# [PROBLEM DETAILS]
Your answer must be the full set of entries, repeated exactly.

── PROVIDED INFORMATION

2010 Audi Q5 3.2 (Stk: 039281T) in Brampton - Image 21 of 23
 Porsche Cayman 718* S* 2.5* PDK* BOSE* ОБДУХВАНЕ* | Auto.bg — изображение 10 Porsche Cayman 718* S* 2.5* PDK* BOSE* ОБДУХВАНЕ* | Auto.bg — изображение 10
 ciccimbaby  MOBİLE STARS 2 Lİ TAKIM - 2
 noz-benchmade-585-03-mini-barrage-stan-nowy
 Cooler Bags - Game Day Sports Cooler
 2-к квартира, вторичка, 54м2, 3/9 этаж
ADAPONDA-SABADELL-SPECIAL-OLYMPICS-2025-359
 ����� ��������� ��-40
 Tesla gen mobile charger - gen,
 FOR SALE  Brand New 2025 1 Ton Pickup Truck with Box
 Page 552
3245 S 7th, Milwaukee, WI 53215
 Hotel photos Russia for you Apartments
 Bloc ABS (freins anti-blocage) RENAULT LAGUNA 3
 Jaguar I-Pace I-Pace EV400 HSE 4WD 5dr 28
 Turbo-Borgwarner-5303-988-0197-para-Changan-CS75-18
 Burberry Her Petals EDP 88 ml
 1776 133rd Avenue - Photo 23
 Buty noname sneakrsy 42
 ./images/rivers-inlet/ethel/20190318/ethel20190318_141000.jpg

────

# [RESULT OF THE TASK]
2010 Audi Q5 3.2 (Stk: 039281T) in Brampton - Image 21 of 23
 Porsche Cayman 718* S* 2.5* PDK* BOSE* ОБДУХВАНЕ* | Auto.bg — изображение 10 Porsche Cayman 718* S* 2.5* PDK* BOSE* ОБДУХВАНЕ* | Auto.bg — изображение 10
 ciccimbaby  MOBİLE STARS 2 Lİ TAKIM - 2
 noz-benchmade-585-03-mini-barrage-stan-nowy
 Cooler Bags - Game Day Sports Cooler
 2-к квартира, вторичка, 54м2, 3/9 этаж
ADAPONDA-SABADELL-SPECIAL-OLYMPICS-2025-359
 ����� ��������� ��-40
 Tesla gen mobile charger - gen,
 FOR SALE  Brand New 2025 1 Ton Pickup Truck with Box
 Page 552
3245 S 7th, Milwaukee, WI 53215
 Hotel photos Russia for you Apartments
 Bloc ABS (freins anti-blocage) RENAULT LAGUNA 3
 Jaguar I-Pace I-Pace EV400 HSE 4WD 5dr 28
 Turbo-Borgwarner-5303-988-0197-para-Changan-CS75-18
 Burberry Her Petals EDP 88 ml
 1776 133rd Avenue - Photo 23
 Buty noname sneakrsy 42
 ./images/rivers-inlet/ethel/20190318/ethel20190318_141000.jpg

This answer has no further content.